12:30 PM MST, Fri, November 7, 2014.
You know how there is usually that one weather event every autumn that signals the arrival of the “winter” season? We’ll see that next week.
A long duration period of generally cloudy, unsettled weather and below average temperatures arrives Monday and is likely to persist all week for the Front Range, eastern Colorado, and southeastern Wyoming. It may not be here in full force Monday morning, but by Monday evening we are likely to enter a stretch where daytime temperatures remain near of below freezing even in the lower elevations, and nights may dip to the teens or lower. Western Colorado won’t see the change as dramatically.
I don’t expect a major snowfall with this cold snap, but widespread minor accumulations are probable across the Front Range and eastern plains beginning Monday. In fact, this is the type of setup that could result in areas of freezing drizzle and fog along the Front Range by Monday night or Tuesday.
So after a slight chance of minor precipitation tonight, enjoy the mild autumn weekend. It should be a good time to do that final autumn cleanup in the yard and make sure your house and car are ready.

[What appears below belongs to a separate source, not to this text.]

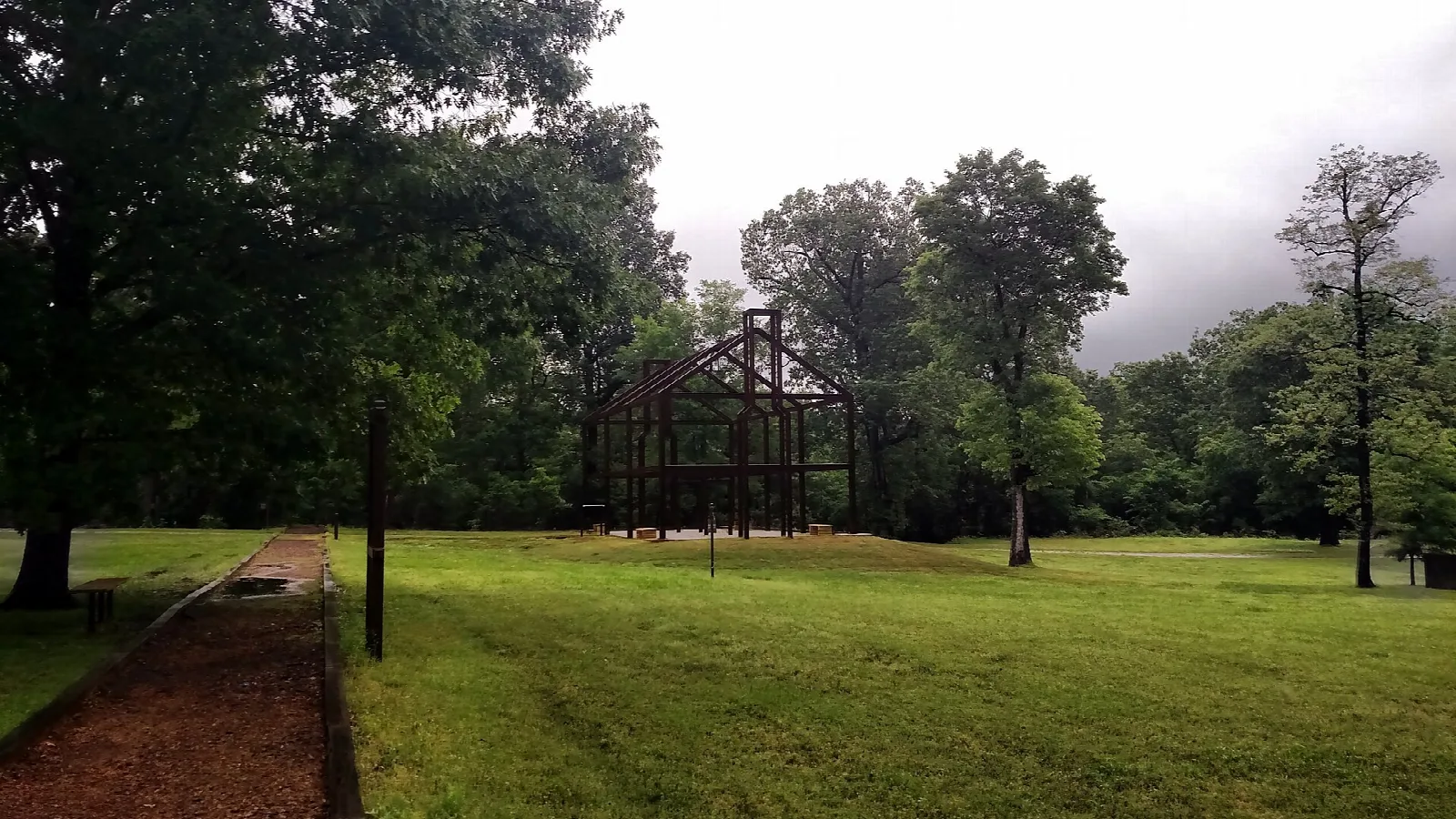 Open lawn with a distant steel building frame and a brick path under cloudy sky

For the weather weenies on the blog, this cold snap is the result of a weather pattern shift to a strong negative arctic oscillation. It was triggered at least in part by the remnants of the Pacific’s super typhoon Nuri that helped create an unusual surge of warmth into the arctic near Alaska. The anomalous poleward surge of warmth in the Pacific will be compensated by a southward surge of polar air in the eastern 2/3 of the United States.